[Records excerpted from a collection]
■ ■ ■

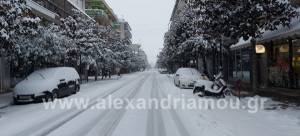 Ημαθία:H χιονισμένη Αλεξάνδρεια παραδωμένη στα ¨μαγικά¨ της Μήδειας(φωτορεπορτάζ και βίντεο)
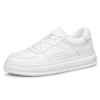 Men's Shoes Invisible Inner Height Increase 8CM Casual Shoes Foreign Trade Leather Shoes Lace-up Platform Sports Shoes Versatile Little White Shoes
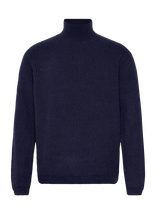 Clean Cut Copenhagen - Pepe Turtleneck Knit - Golfo kelnės - Tamsiai mėlyna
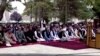 Ооганстанда Президенттик сарайда окулган айт намазы маалында Кабулдун чок ортосуна ракеталык аткылоо болду. 20-июль, 2021-жыл. 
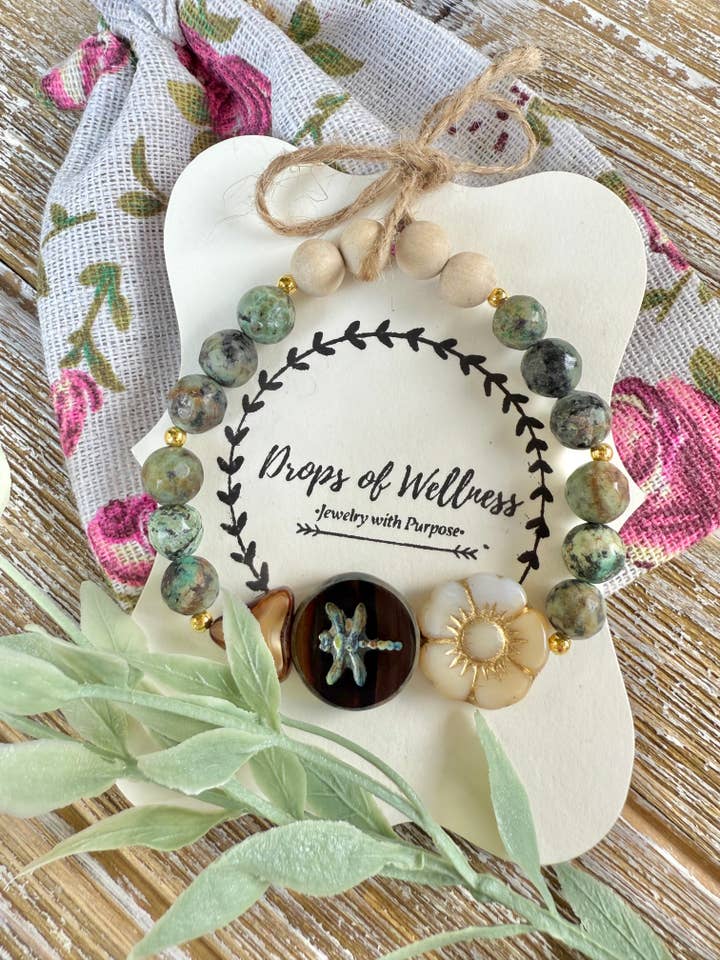 Beaded Bracelets, Stackable Bracelet, The Margot for wholesale by Drops of Wellness Goods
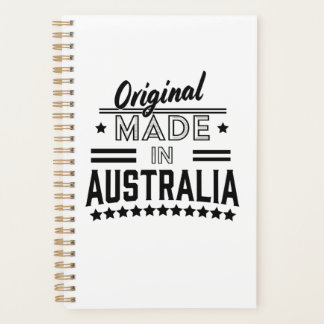 Agenda Original hecho en el botón Australia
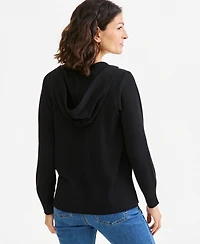 Style & Co Women's Waffle-Knit Relaxed-Fit Hoodie, Macy's Exclusive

■ ■ ■

■ **To do**
Each line above is to be duplicated exactly, and the pictures are to be omitted.

■ **Written answer**
 Ημαθία:H χιονισμένη Αλεξάνδρεια παραδωμένη στα ¨μαγικά¨ της Μήδειας(φωτορεπορτάζ και βίντεο)
 Men's Shoes Invisible Inner Height Increase 8CM Casual Shoes Foreign Trade Leather Shoes Lace-up Platform Sports Shoes Versatile Little White Shoes
 Clean Cut Copenhagen - Pepe Turtleneck Knit - Golfo kelnės - Tamsiai mėlyna
 Ооганстанда Президенттик сарайда окулган айт намазы маалында Кабулдун чок ортосуна ракеталык аткылоо болду. 20-июль, 2021-жыл. 
 Beaded Bracelets, Stackable Bracelet, The Margot for wholesale by Drops of Wellness Goods
 Agenda Original hecho en el botón Australia
 Style & Co Women's Waffle-Knit Relaxed-Fit Hoodie, Macy's Exclusive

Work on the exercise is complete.